2021-01-14 Thread András Kolbert
Thanks, Muru, very helpful suggestion! Delta Lake is amazing, completely
changed a few of my projects!

One question regarding that.
When I use the following statement, all works fine and I can use delta
properly, in the spark context that jupyter initiates automatically.

export PYSPARK_DRIVER_PYTHON=jupyter
export PYSPARK_DRIVER_PYTHON_OPTS='notebook --no-browser --port=8890'

PYSPARK_PYTHON=pyspark \
--master yarn \
--deploy-mode client \
--driver-memory 4g \
--executor-memory 16G \
--executor-cores 1 \
--num-executors 8 \
--conf
spark.yarn.archive=hdfs://node-master:9000/libs/spark/jars/spark-libs.jar \
--jars
hdfs://node-master:9000/libs/spark/common/spark-streaming-kafka-0-8-assembly_2.11-2.4.4.jar,hdfs://node-master:9000/libs/spark/common/delta-core_2.11-0.6.1.jar


However, I would like to have a local pyspark initially, and only connect
to YARN when the specific notebook is configured in that way.

1)

export PYSPARK_DRIVER_PYTHON=jupyter
export PYSPARK_DRIVER_PYTHON_OPTS='notebook --no-browser --port=8890'

PYSPARK_PYTHON=pyspark

2)
conf = spark.sparkContext._conf.setAll([
('spark.app.name', 'Delta Demo'),
('spark.yarn.jars',
'hdfs://node-master:9000/libs/spark/common/delta-core_2.11-0.6.1.jar'),
("spark.jars.packages", "io.delta:delta-core_2.11:0.6.1"),
("spark.sql.extensions", "io.delta.sql.DeltaSparkSessionExtension"),
("spark.sql.catalog.spark_catalog",
"org.apache.spark.sql.delta.catalog.DeltaCatalog")
])
spark.sparkContext.stop()

spark = SparkSession \
.builder \
.config(conf=conf) \
.getOrCreate()
sc = spark.sparkContext

spark.sparkContext.addPyFile("hdfs://node-master:9000/libs/spark/common/delta-core_2.11-0.6.1.jar")
from delta.tables import *
delta_path = "/data/delta-table"
data = spark.range(0, 5)
data.show()
data.write.format("delta").mode("overwrite").save(delta_path)
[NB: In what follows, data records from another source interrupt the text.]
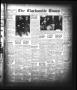 Newspaper: The Clarksville Times (Clarksville, Tex.), Vol. 74, No. 2, Ed. 1 Frid…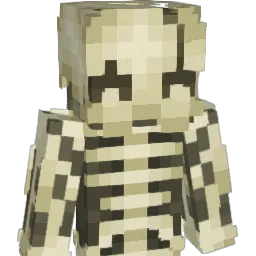 cosmic1090 Minecraft avatar bust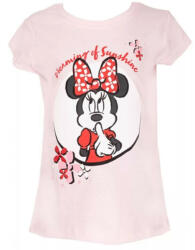 Jorg Disney Minnie gyerek rövid póló 98/104 cm (85BKJ4000698)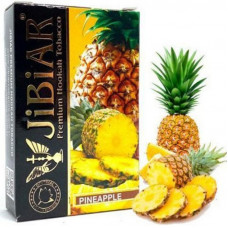 Табак для кальяна Jibiar Pineapple (Ананас) 50 гр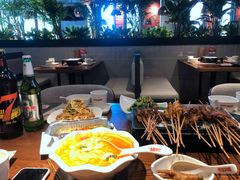 -管氏翅吧(台湾街店)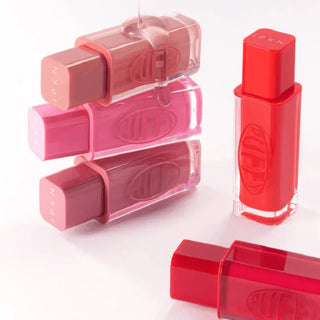 IPKN - Puffy Glow Tint 5.3ml - 8 Colors - Koreabe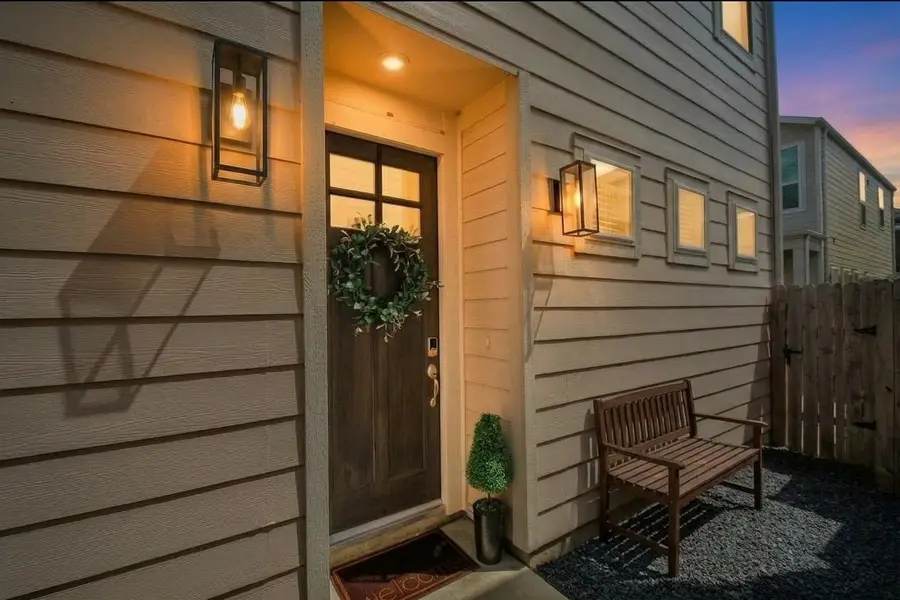 9831 Heritage Run Lane, Houston, TX 77080 - #2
This way, I keep facing with the ' Error: java.lang.ClassNotFoundException:
Failed to find data source: delta. ' error message.

What did I miss in my configuration/env variables?

Thanks
Andras



On Sun, 10 Jan 2021, 3:33 am muru,  wrote:

> You could try Delta Lake or Apache Hudi for this use case.
>
> On Sat, Jan 9, 2021 at 12:32 PM András Kolbert 
> wrote:
>
>> Sorry if my terminology is misleading.
>>
>> What I meant under driver only is to use a local pandas dataframe
>> (collect the data to the master), and keep updating that instead of dealing
>> with a spark distributed dataframe for holding this data.
>>
>> For example, we have a dataframe with all users and their corresponding
>> latest activity timestamp. After each streaming batch, aggregations are
>> performed and the calculation is collected to the driver to update a subset
>> of users latest activity timestamp.
>>
>>
>>
>> On Sat, 9 Jan 2021, 6:18 pm Artemis User,  wrote:
>>
>>> Could you please clarify what do you mean by 1)? Driver is only
>>> responsible for submitting Spark job, not performing.
>>>
>>> -- ND
>>>
>>> On 1/9/21 9:35 AM, András Kolbert wrote:
>>> > Hi,
>>> > I would like to get your advice on my use case.
>>> > I have a few spark streaming applications where I need to keep
>>> > updating a dataframe after each batch. Each batch probably affects a
>>> > small fraction of the dataframe (5k out of 200k records).
>>> >
>>> > The options I have been considering so far:
>>> > 1) keep dataframe on the driver, and update that after each batch
>>> > 2) keep dataframe distributed, and use checkpointing to mitigate
>>> lineage
>>> >
>>> > I solved previous use cases with option 2, but I am not sure if it is
>>> > the most optimal as checkpointing is relatively expensive. I also
>>> > wondered about HBASE or some sort of quick access memory storage,
>>> > however it is currently not in my stack.
>>> >
>>> > Curious to hear your thoughts
>>> >
>>> > Andras
>>> >
>>>
>>> -
>>> To unsubscribe e-mail: user-unsubscr...@spark.apache.org
>>>
>>>


Re: Use case advice

2021-01-09 Thread András Kolbert
Sorry if my terminology is misleading.

What I meant under driver only is to use a local pandas dataframe (collect
the data to the master), and keep updating that instead of dealing with a
spark distributed dataframe for holding this data.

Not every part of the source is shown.